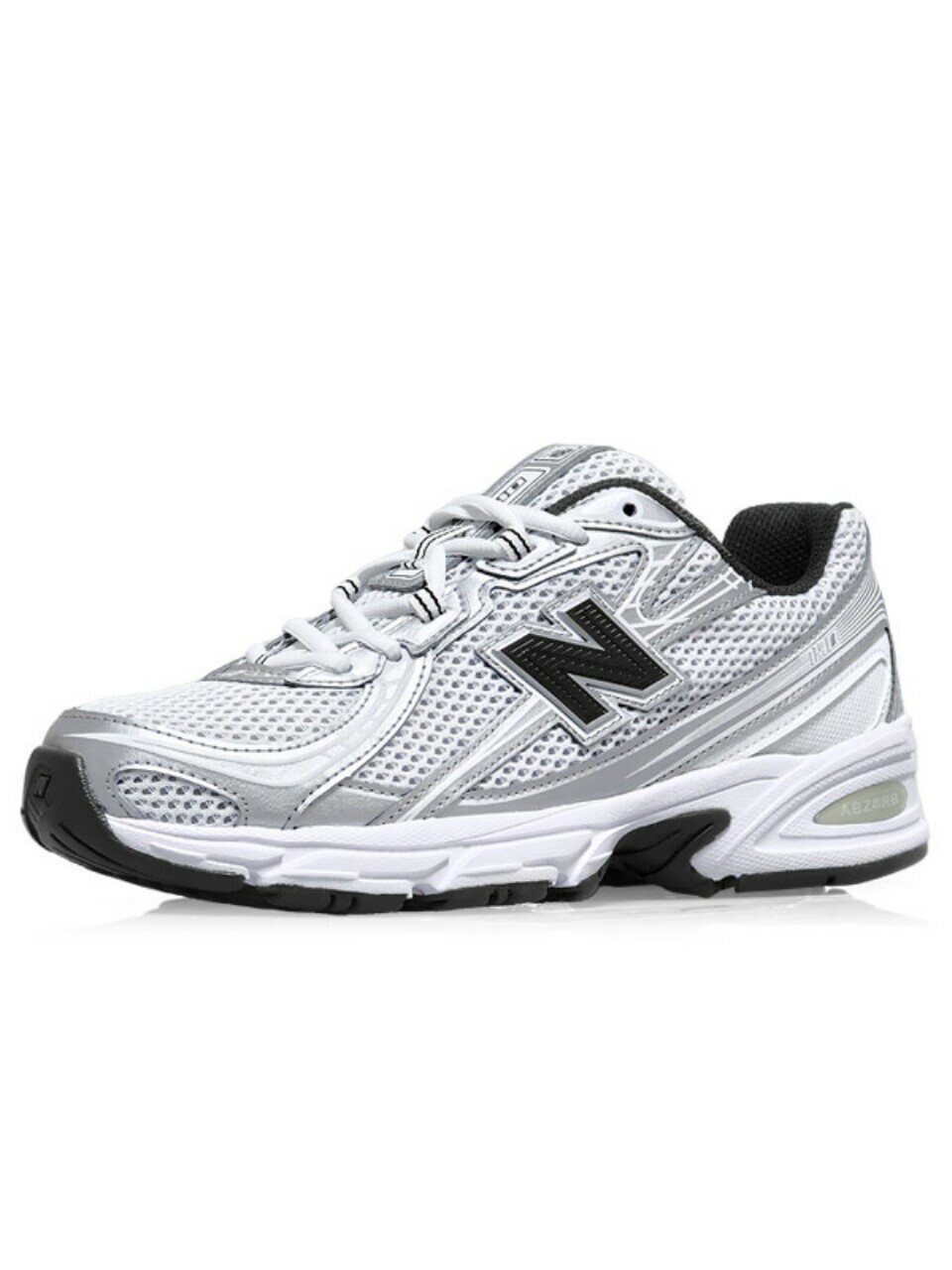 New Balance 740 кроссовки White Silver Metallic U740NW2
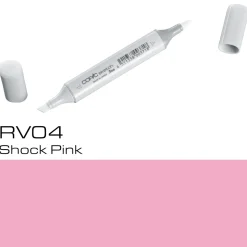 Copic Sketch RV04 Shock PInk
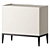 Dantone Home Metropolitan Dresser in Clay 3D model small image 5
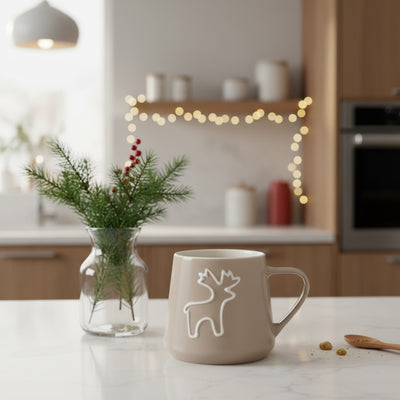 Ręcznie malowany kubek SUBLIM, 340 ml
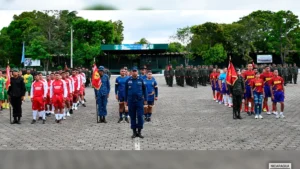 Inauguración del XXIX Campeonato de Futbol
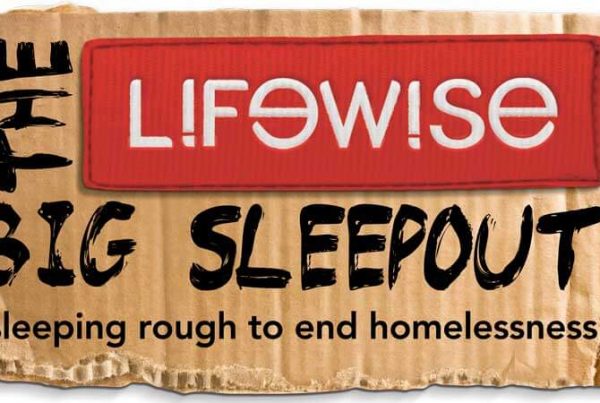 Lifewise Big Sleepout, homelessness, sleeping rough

▶ [WHAT TO PRODUCE]: What you hand back should match the entries above exactly, except that no picture appears.

▶ [RESPONSE BOX]:
 New Balance 740 кроссовки White Silver Metallic U740NW2
 Copic Sketch RV04 Shock PInk
 Dantone Home Metropolitan Dresser in Clay 3D model small image 5
 Ręcznie malowany kubek SUBLIM, 340 ml
 Inauguración del XXIX Campeonato de Futbol
 Lifewise Big Sleepout, homelessness, sleeping rough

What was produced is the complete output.